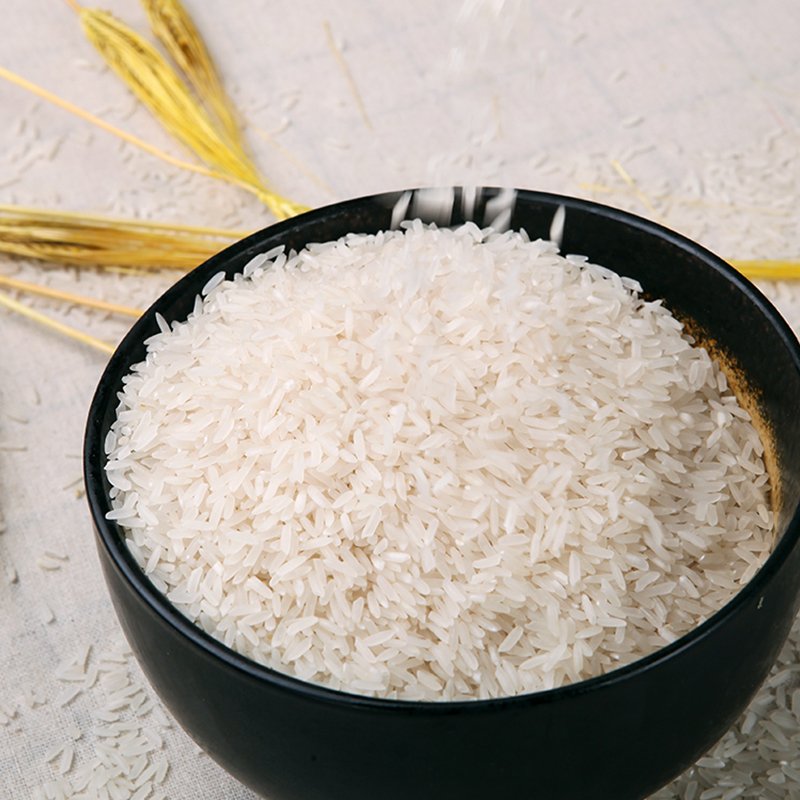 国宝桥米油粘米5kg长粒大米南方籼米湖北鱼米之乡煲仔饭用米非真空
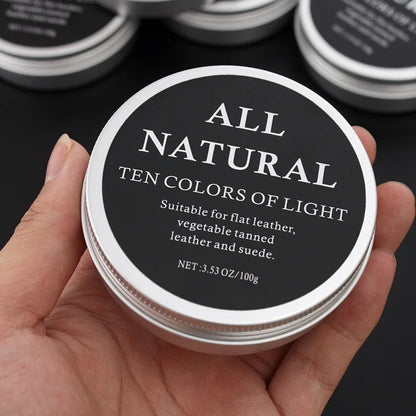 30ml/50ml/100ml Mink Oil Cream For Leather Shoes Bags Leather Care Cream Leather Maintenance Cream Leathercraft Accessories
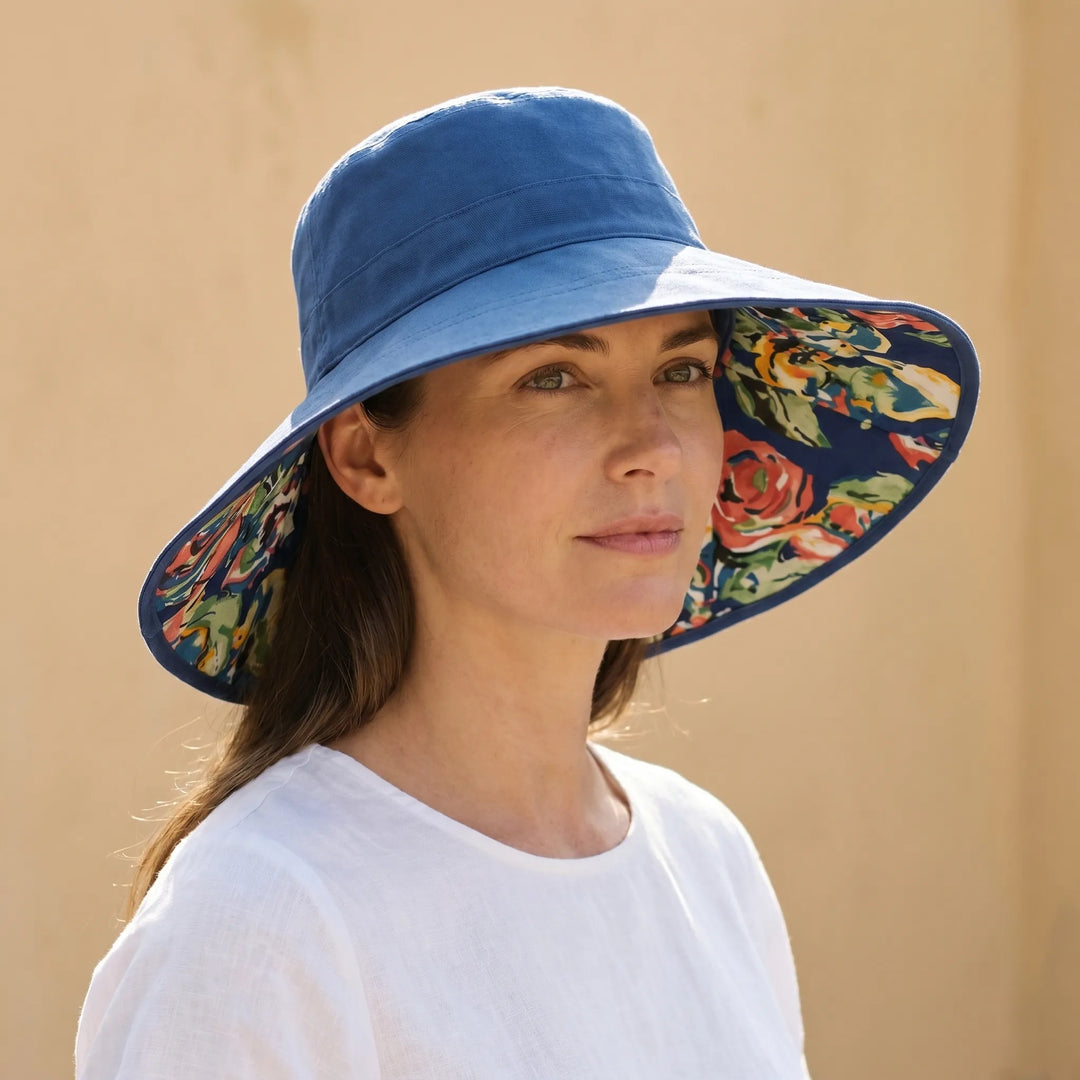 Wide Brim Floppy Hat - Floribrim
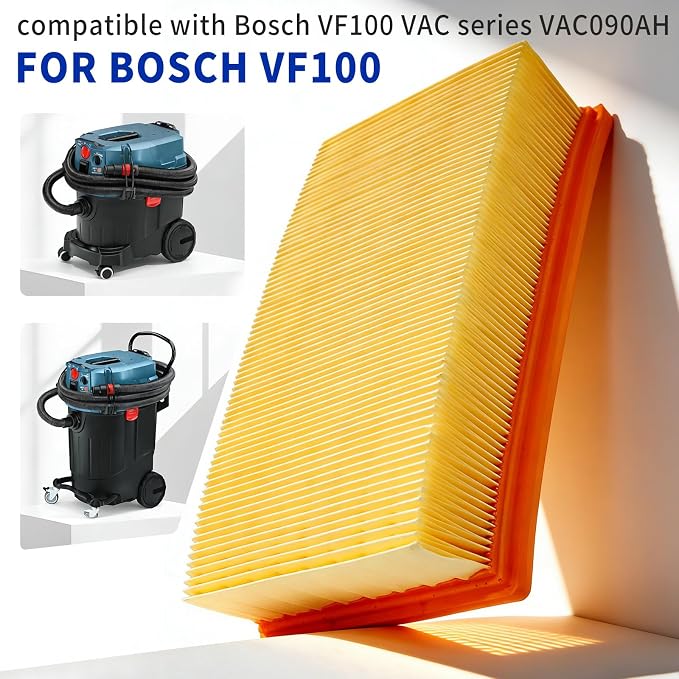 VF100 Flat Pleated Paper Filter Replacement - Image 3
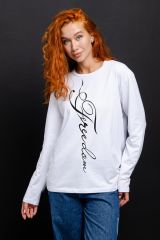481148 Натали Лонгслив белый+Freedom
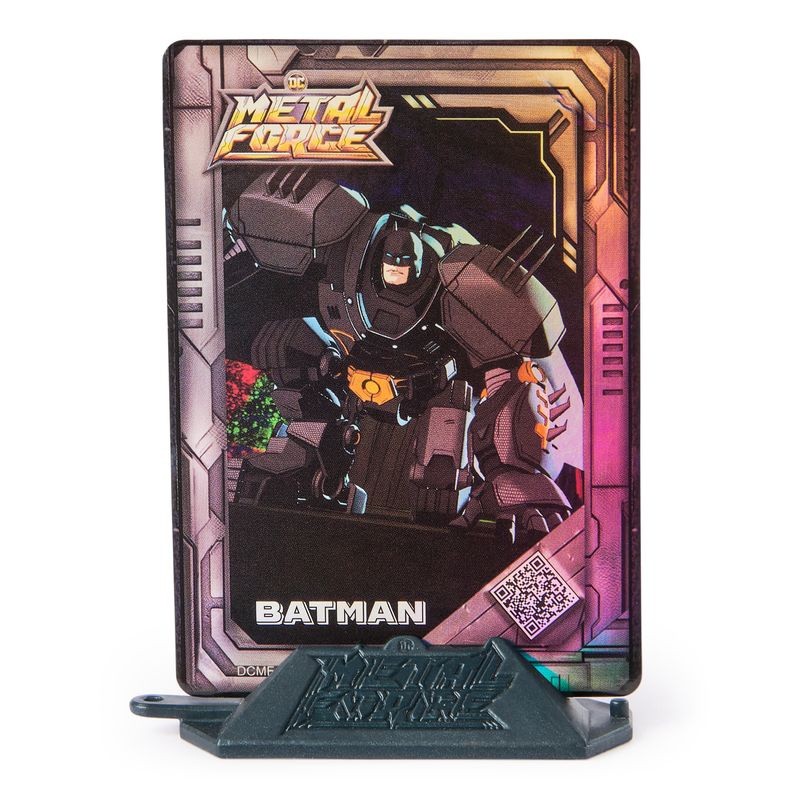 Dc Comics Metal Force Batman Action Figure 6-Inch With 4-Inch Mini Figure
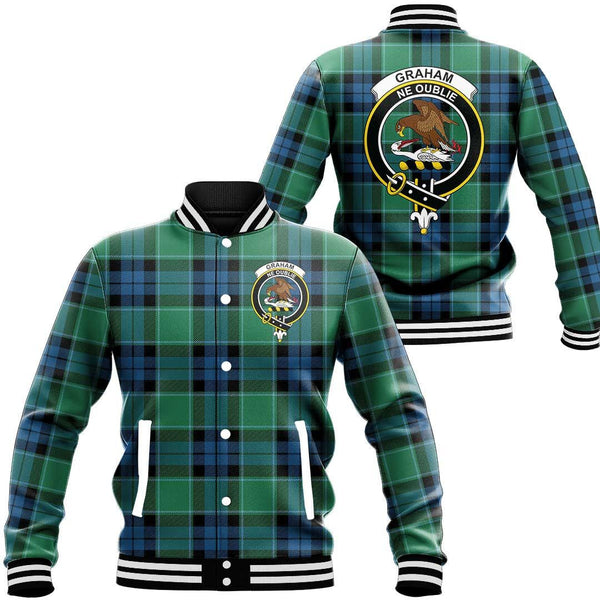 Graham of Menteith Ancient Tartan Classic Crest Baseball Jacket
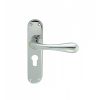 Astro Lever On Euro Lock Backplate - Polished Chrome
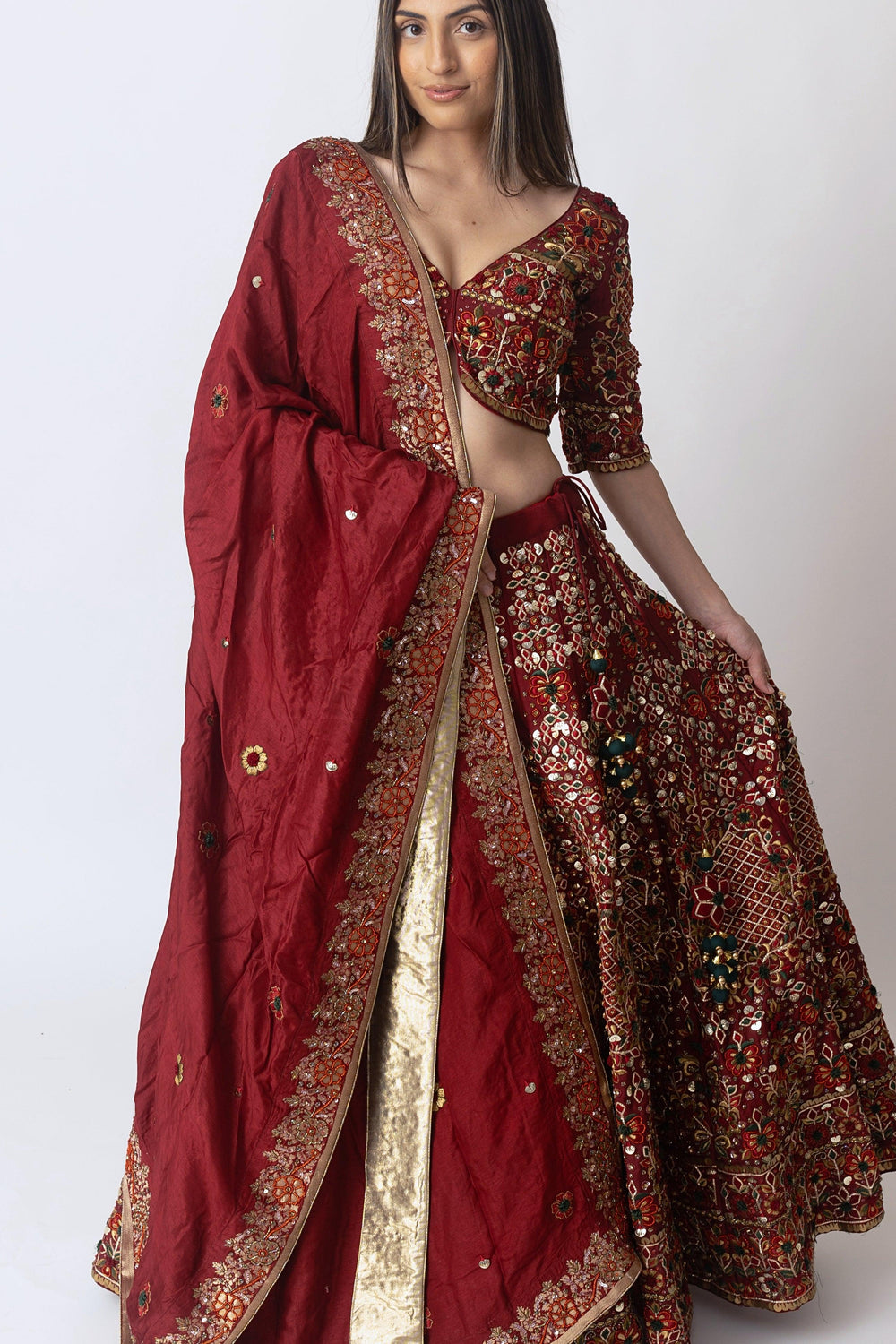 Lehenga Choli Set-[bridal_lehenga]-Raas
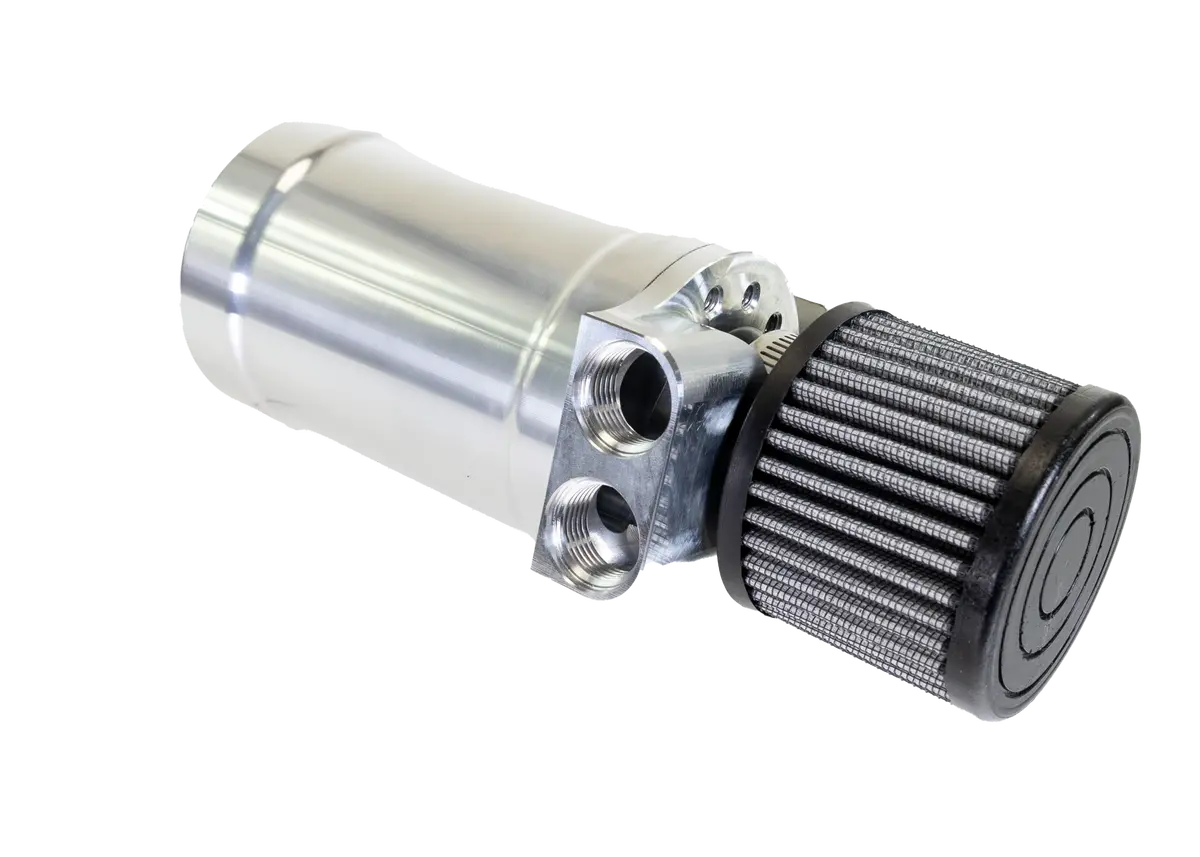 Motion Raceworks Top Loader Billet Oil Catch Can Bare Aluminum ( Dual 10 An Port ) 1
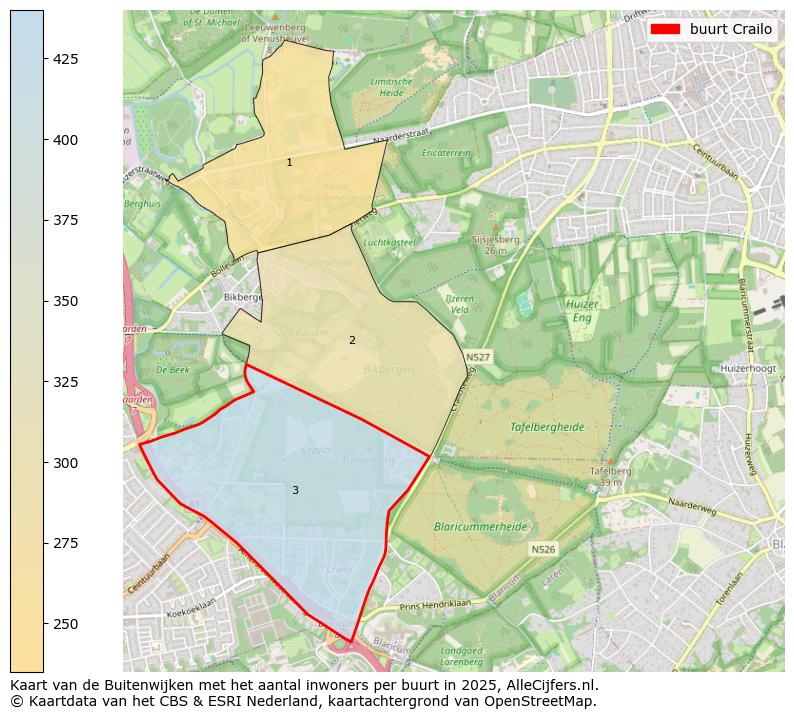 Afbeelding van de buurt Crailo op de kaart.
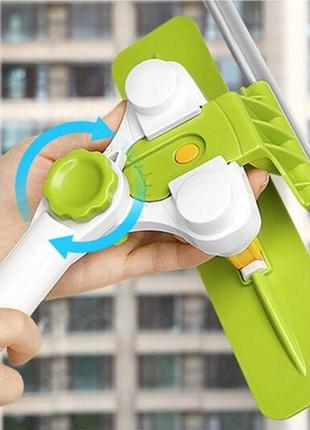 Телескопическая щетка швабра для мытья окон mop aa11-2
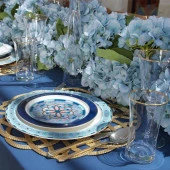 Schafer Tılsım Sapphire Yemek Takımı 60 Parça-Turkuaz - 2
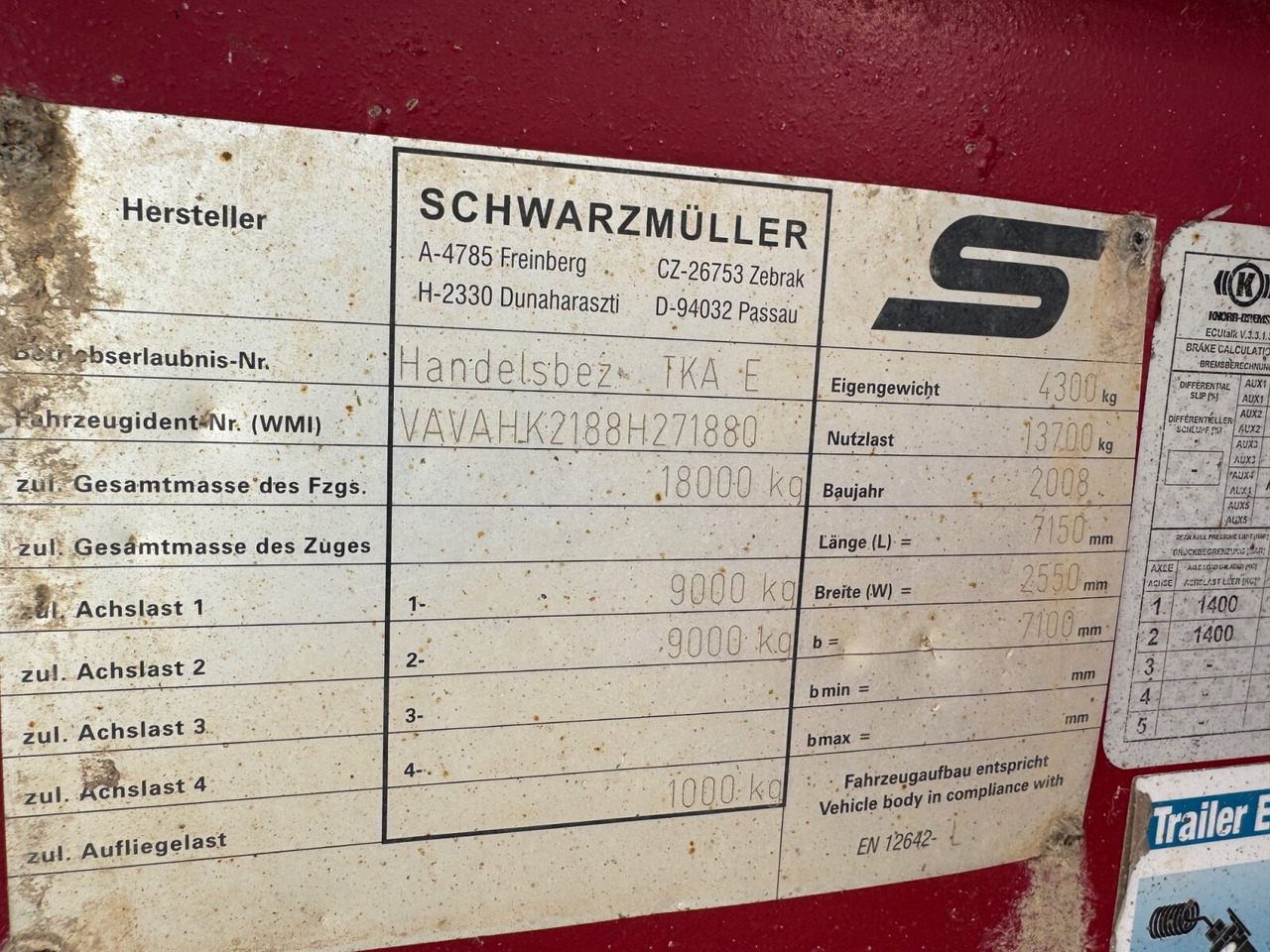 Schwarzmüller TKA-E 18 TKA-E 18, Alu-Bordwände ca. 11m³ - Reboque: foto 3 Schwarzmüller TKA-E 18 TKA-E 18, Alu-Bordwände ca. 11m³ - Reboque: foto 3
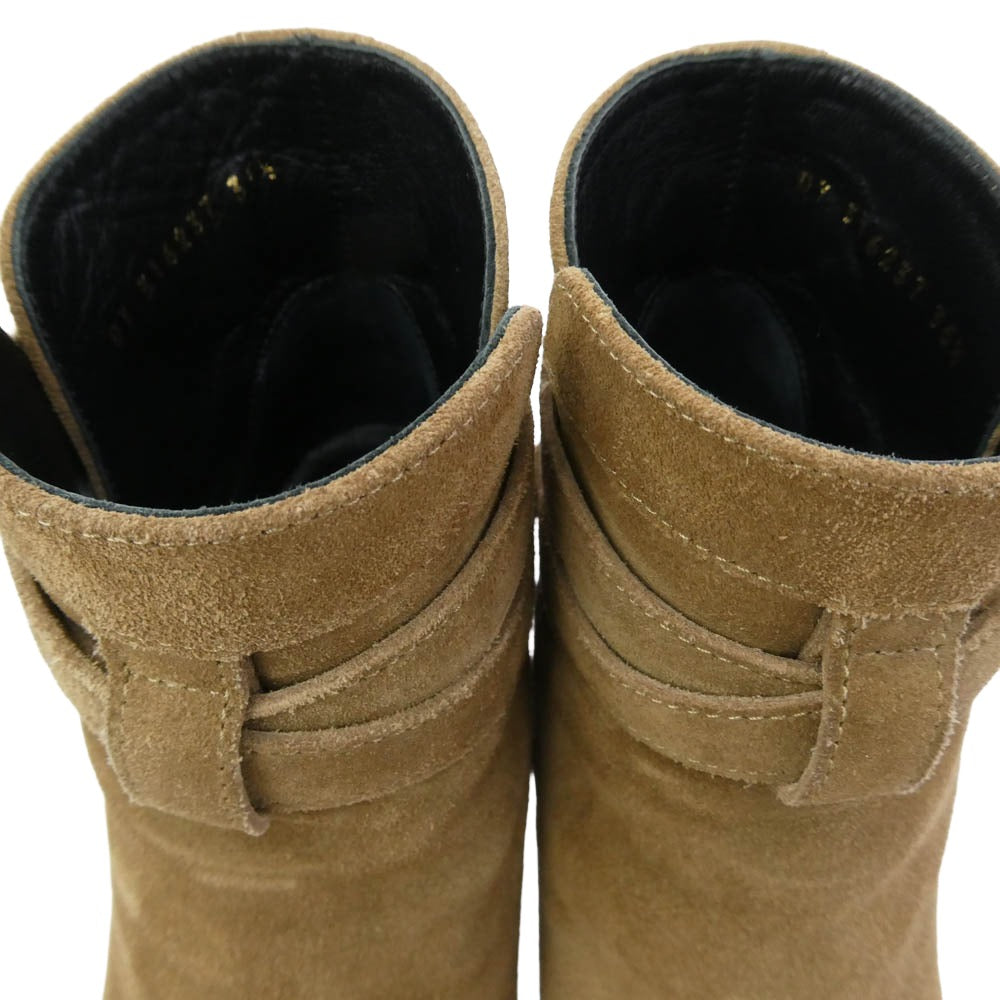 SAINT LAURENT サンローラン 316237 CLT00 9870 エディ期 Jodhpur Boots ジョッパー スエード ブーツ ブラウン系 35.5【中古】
□ □ □ □ □
What to produce:
Give again, exactly as written above, each line from the one that has "Astro Lever On" to the one that has "Телескопическая щетка швабра", both included; omit the pictures.

Task answer:
 Astro Lever On Euro Lock Backplate - Polished Chrome
 Lehenga Choli Set-[bridal_lehenga]-Raas
 Motion Raceworks Top Loader Billet Oil Catch Can Bare Aluminum ( Dual 10 An Port ) 1
 Afbeelding van de buurt Crailo op de kaart.
 Телескопическая щетка швабра для мытья окон mop aa11-2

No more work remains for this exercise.